Data extracts below:
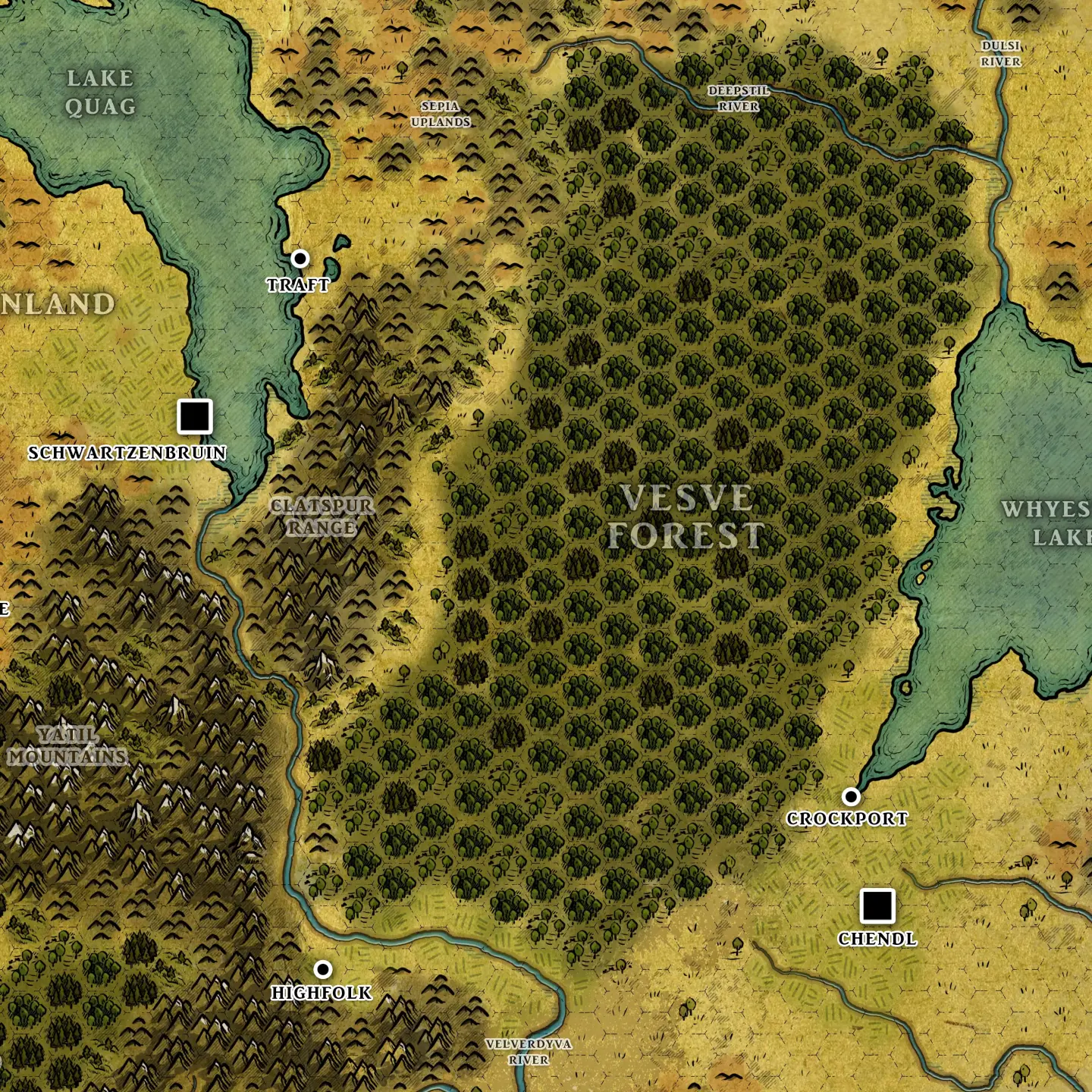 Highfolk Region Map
End of Data extracts.
Data extracts below:
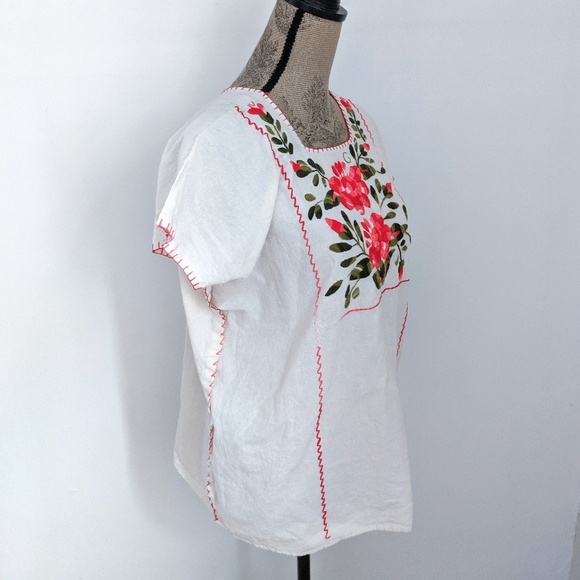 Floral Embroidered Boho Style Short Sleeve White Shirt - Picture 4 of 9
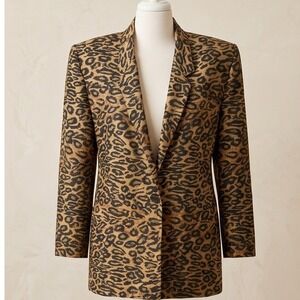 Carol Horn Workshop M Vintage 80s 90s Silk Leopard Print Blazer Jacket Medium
End of Data extracts.
- [Exercise aim] Take the material above and output only the lines from the one that contains "Floral Embroidered Boho" through the one that contains "Carol Horn Workshop", ends included and images left out.

- [Result of this task]
 Floral Embroidered Boho Style Short Sleeve White Shirt - Picture 4 of 9
 Carol Horn Workshop M Vintage 80s 90s Silk Leopard Print Blazer Jacket Medium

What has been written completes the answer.